Taro and Salted Egg Yolk Mooncakes
Taro Coconut Filling
- 900 g taro and/or purple yam, steamed
- 150 g granulated sugar
- 60 ml full-fat coconut milk
- 1/2 tsp kosher salt
Salted Egg Yolk
- 12 cooked salted duck egg yolks, can omit, and use more taro filling for mooncakes
- 140 ml golden syrup, okay to sub honey but mooncakes will be less golden
- 1 tsp lye water (kansui)
- 80 ml vegetable oil
- 200 g all-purpose flour
- 1 large egg yolk
- 1 tbsp water
Taro Coconut Filling
- Wash and peel taro root with potato peeler. Wearing gloves for this step is helpful because raw taro can leave skin feely waxy and itchy. Cut taro into 1 inch cubes. Repeat steps for purple yam.
- Place taro and purple yam cubes into a steamer or steaming basket. Steam until tender to the fork, about 30 minutes.
- Remove taro and yam from steamer. Using a fork or potato ricer, mash the root vegetables into a smooth paste. Alternatively, transfer taro and yam to the bowl of a stand mixer and use paddle attachment to beat the mixture until smooth
- Add coconut milk, sugar, and salt to the mixture. Mix until well combined and paste is smooth.
- Transfer filling to the fridge for 2 hours. Chilled taro filling is much easier to work with.
- In a large measuring cup, whisk together golden syrup, vegetable oil, and alkaline water.
- Add the mixture to flour. Using a rubber spatula, fold and combine everything into a soft, smooth dough. Do not overwork the dough.
- Cover the dough and let it rest in the refrigerator for an hour.
- Preheat oven to 325F.
- Weigh out 35g scoops of taro filling and gently shape each portion into balls. If using salted egg yolks, you want the taro filling and salted egg yolk to add up to 35g.
- Weigh out the dough into 15g pieces. Keep any leftover dough to use for mending when dough cracks during shaping process.
- Take one of the taro balls and make a deep well in the middle. Insert one salted duck egg yolk into the well. Close the top and reshape into a ball, trying to make sure the egg yolk is as centred as possible. Repeat for the remaining portions of filling.
- Lightly dust mooncake wrapper dough balls with flour. Roll out dough ball between two pieces of parchment paper into a 4-inch round.

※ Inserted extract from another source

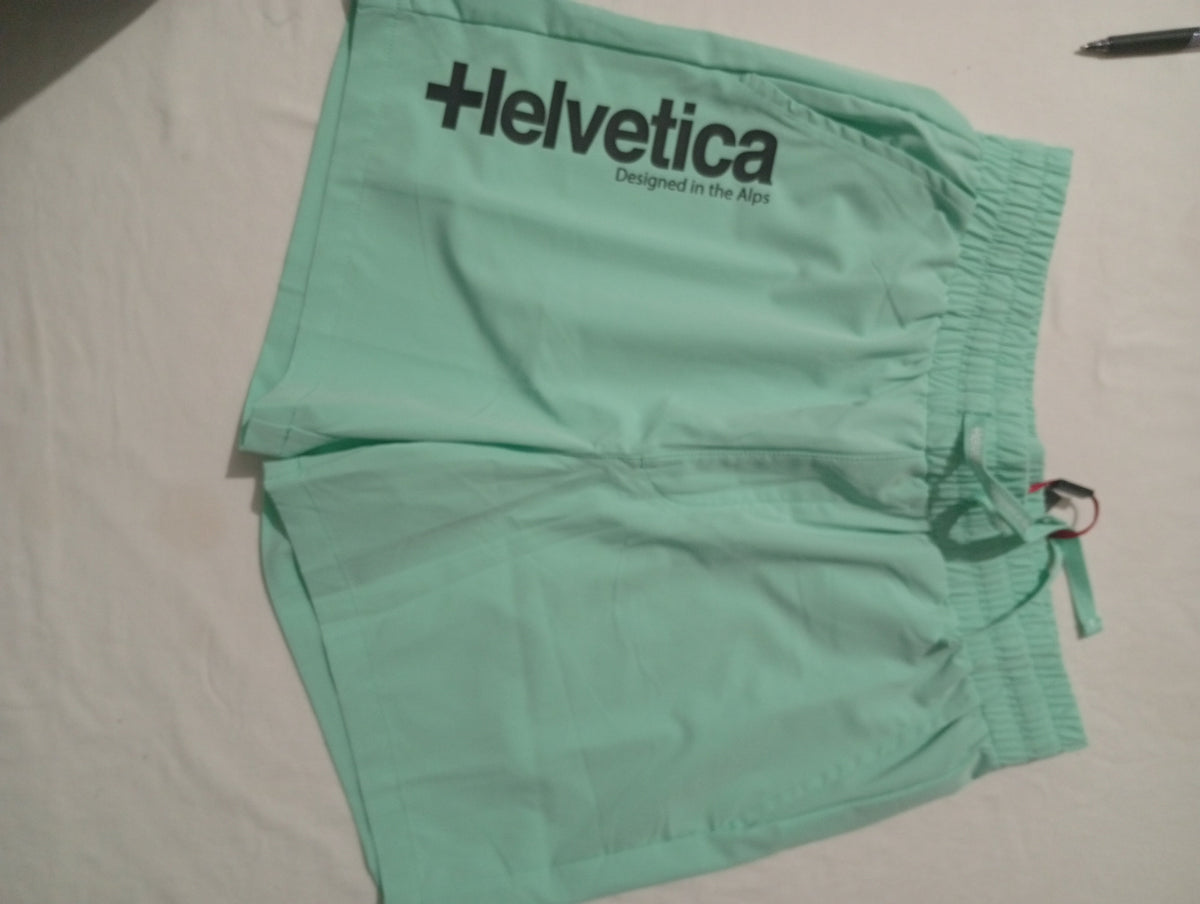 Short Lewis Helvetica BILSAR streetwear vue de face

- Put one ball of the taro filling at the centre of the rolled out dough. Carefully use the parchment paper to fold the dough onto the filling so that it wraps around the filling. It is okay if your dough cracks — we can reshape it and patch any holes with the reserved dough.
- Turn the opening side up and slowly press together to close the opening, covering all surfaces of the filling. Keep the distribution of dough as even as possible.

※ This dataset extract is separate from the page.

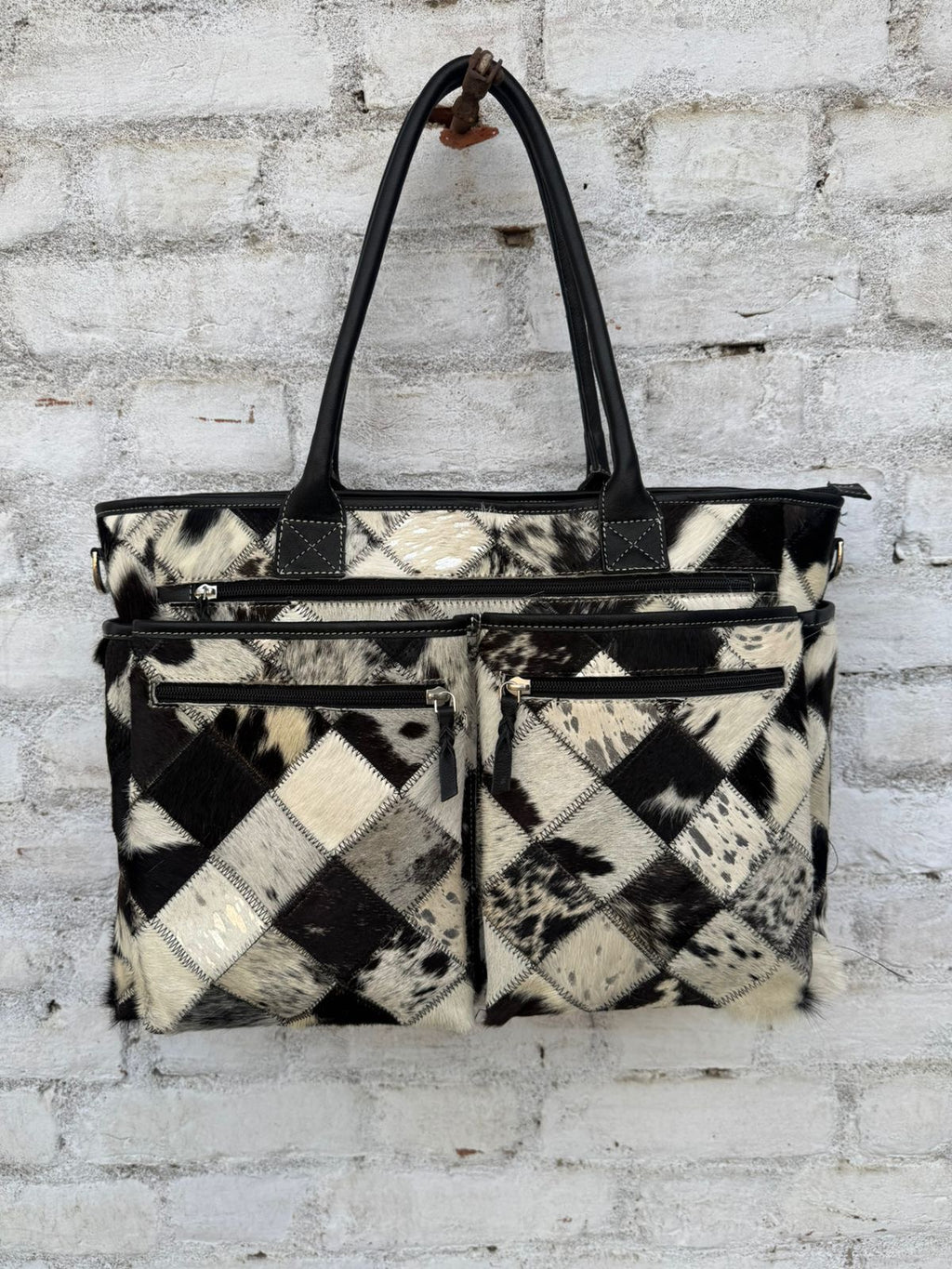 Large overnight tote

- Using a brush, dust mooncake mold with flour. Place assembled dough ball into the mold. With the mold facing upwards, apply gentle pressure to shape the dough ball into the mold cavity. Flip the mold over and press the mooncake down with the top pressure bar. Gently guide the mooncake out of the mold.

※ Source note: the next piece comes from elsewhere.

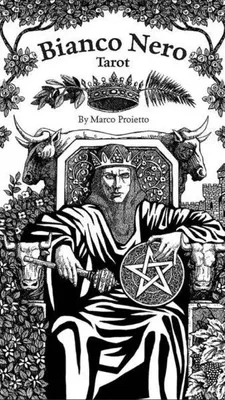 Productafbeelding van Bianco Nero Tarot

- Place moon cakes onto a parchment-lined baking sheet.
- Using a spray bottle, gently mist the moon cakes with water. Alternatively you can very gently use a pastry brush to brush on a very thin layer of water onto the top of the moon cakes. This will prevent the moon cakes from cracking when baking.
- Immediately put the mooncakes in the oven and bake for 5 minutes.
- While the mooncakes are baking, prepare the egg wash by whisking together egg yolk and water.
- Once five minutes are up, take mooncakes out of the oven and place on a wire rack. Brush a thin layer of egg wash onto the mooncakes, making sure there are no large puddles of egg wash. Large wells of egg wash will make your moon cake design less defined.
- Bake for an additional 15 – 20 minutes until deep golden brown.
- Remove mooncakes from oven. The mooncakes will look dry at this point (vs. the glossy sheen of moon cakes from the store). Store the cooled mooncakes in an airtight container for a day and the skin will develop the glossy finish we associate with traditional mooncakes. You will start to see this sheen develop within the first couple of hours.